Да, за Стерном следует признать множество ценных качеств. Но чего у него не было и чем обладал Филдинг, что было в такой же мере ново для романа, как и легкость и чувствительность Стерна, — это серьезное отношение к морали. Филдинг не был поэтом (в отличие от Стерна, который был, хотя и небольшим), но это качество дало ему возможность создать форму, впоследствии удовлетворявшую требованиям крупных поэтов, чего не могло сделать бесхитростное повествование Дефо. Восхищаясь Томом Джонсом как первым портретом «цельного человека» (определение, которому в литературе позднего периода соответствует один только Блум), мы воздаем должное этой серьезности Филдинга, его способности отличать безнравственность от порока. Он был невысокого мнения о человеческой природе: некоторая чувственность Тома Джонса, неисправимые пристрастия Бута, его собственная реакция на насмешки лодочников в Розерхите над его умирающим телом, изуродованным водянкой («Это была наглядная картина той жестокости и бесчеловечности в человеческой природе, которую я часто с тревогой наблюдал и которая наводит на очень неприятные и грустные мысли»), свидетельствуют об этом с не меньшей убедительностью, чем совершенно невероятные образцы добродетели, честность мистера Оллверти или героизм терпеливой Эмилии. Ему на опыте были знакомы немало Бутов и Томов Джонсов (некто с таким именем и в самом деле предстал перед ним однажды в качестве подсудимого). Но примеры добродетели он находил в своем воображении. Нельзя поэтому согласиться с Сейнтсбери, необоснованно и странно заметившим по поводу героинь Филдинга: «Во всей литературе нет более трогательного изображения женской доброты и терпения, чем это, героическое и бессмертное».
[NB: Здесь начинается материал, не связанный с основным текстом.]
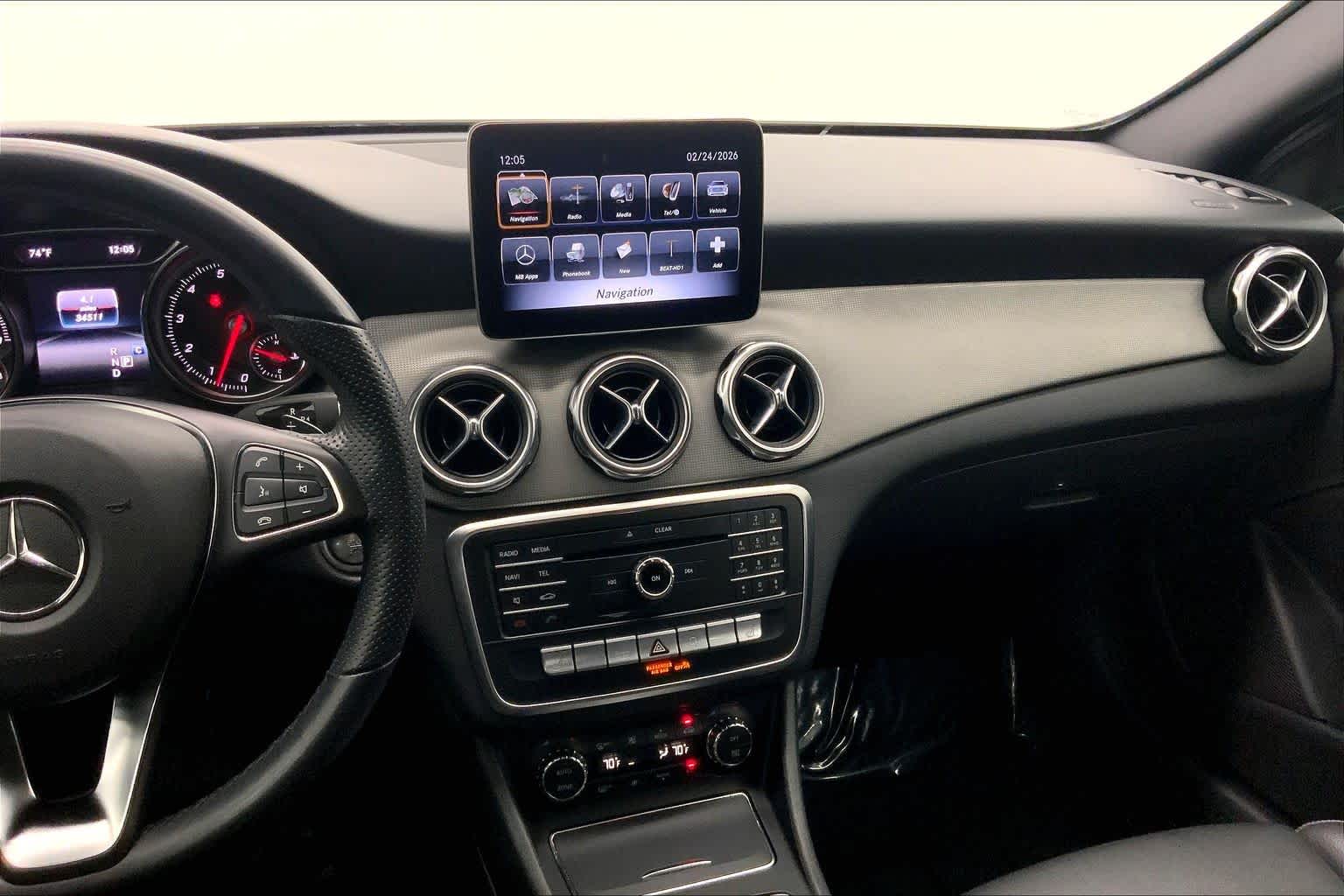 2019 Mercedes-Benz GLA 250 GLA 250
Отнести эти неумеренные похвалы к Филдингу нелепо, так же как сравнивать содержанку мисс Мэтьюз в «Эмилии», как это делал Добсон, с персонажем Бальзака. Его время не дало ему возможности достичь здесь многого. Свои героические образы он черпает из Драйдена без особого успеха (связь между Эмилией и таким персонажем, как Альмейда, совершенно очевидна). Но чем мы действительно ему обязаны, это тем, что он воссоединил в своих романах два направления в литературе эпохи Реставрации, связав на своем собственном, более низком уровне легкомысленную прозу драматургов с героической драмой поэтов.
Именно на низком, нерелигиозном уровне. Его добродетели — это природные добродетели, его отчаяние — это естественное отчаяние, переносимое с таким же мужеством, как и у Драйдена, но без участия сверхъестественного.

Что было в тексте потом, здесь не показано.